Nearly 40% of AlphaSense's business comes from corporate clients. Corporate development, strategy, and investor relations teams are now major consumers of expert call libraries to understand how investors view their industry and competitors.
To test an expert's overall sentiment, ask an unrelated "burner question," such as about company culture. A sudden shift in tone can reveal underlying biases or problems not apparent when discussing business models or market structure.
At the end of an expert call, ask the expert to consider a scenario where your agreed-upon conclusions are incorrect. This prompts them to reveal second and third-order risks and blind spots that may not have surfaced during the main discussion.
AI tools are automating traditional analytical tasks, diminishing the edge from pure technical skill.
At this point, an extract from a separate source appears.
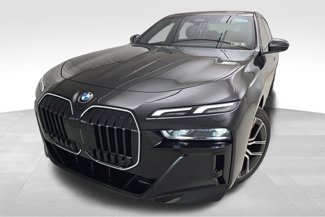 New 2026 BMW 740i xDrive image 1
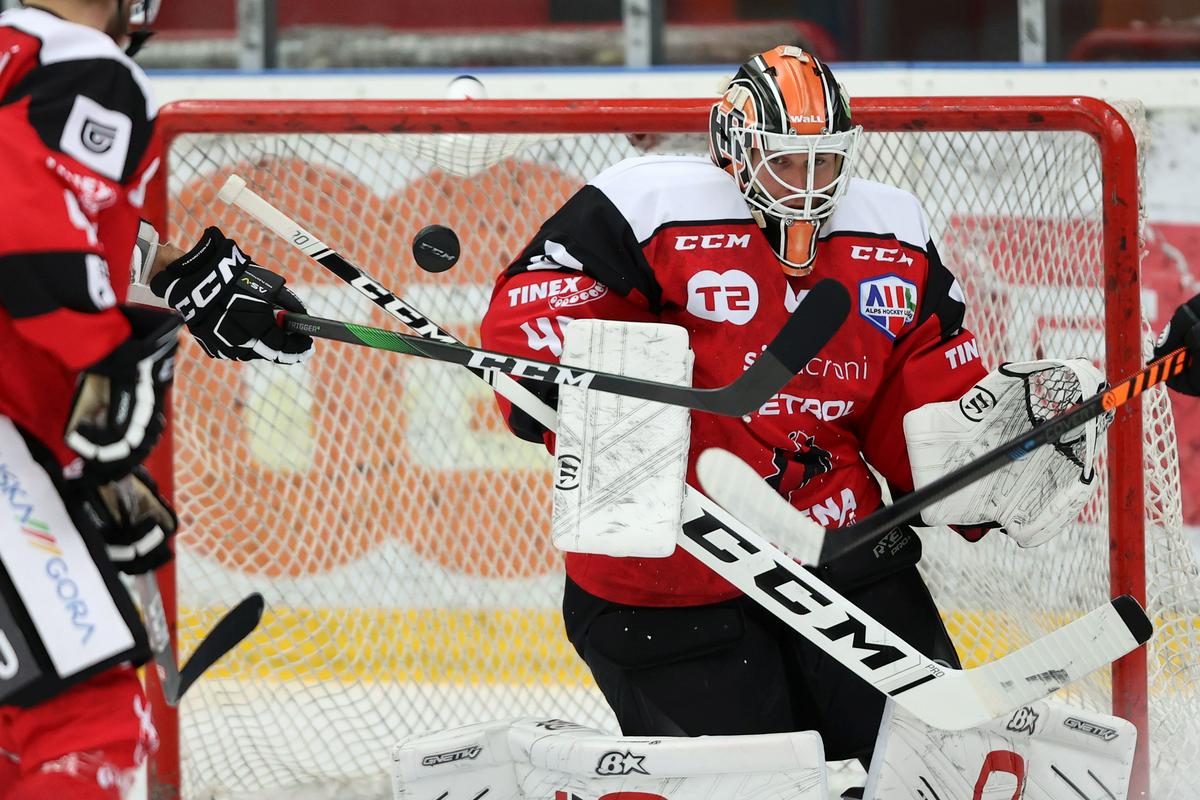 Antti Karjalainen je z odličnimi obrambami držal železarje v igri vse do zadnje minute. Foto: www.alesfevzer.com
The most valuable investors will be those who can apply superior judgment, market structure understanding, and pattern recognition to challenge and interpret AI-generated insights.
All data inputs for AI are inherently biased (e.g., bullish management, bearish former employees). The most effective approach is not to de-bias the inputs but to use AI to compare and contrast these biased perspectives to form an independent conclusion.
AI can be a powerful fraud detection tool by comparing a company's public statements against alternative data. For example, it can analyze satellite imagery of shipping traffic or factory activity and flag discrepancies with management's guidance.
While summarization is useful, AI's unique power is creating a massive grid comparing perspectives from management, sell-side analysts, and expert calls on key business drivers. This helps investors quickly identify the most critical debates for deeper research.
Previously, conducting large-scale surveys via expert calls was cost-prohibitive. AI-led interviewers remove human time constraints and dramatically lower costs, enabling investors to gather real-time market sentiment from hundreds of sources simultaneously.
During the time crunch of earnings season, AI excels at synthesizing disparate information. It can instantly compare a CEO's positive guidance against the recently reported cash flow statements of multiple competitors, flagging potential overconfidence or a genuine outlier.
AI isn't necessarily leading PE funds to do more deals. Instead, it compresses the initial, time-consuming phase of diligence from weeks to a single day, allowing teams to reallocate their energy toward deeper debate on core value creation drivers.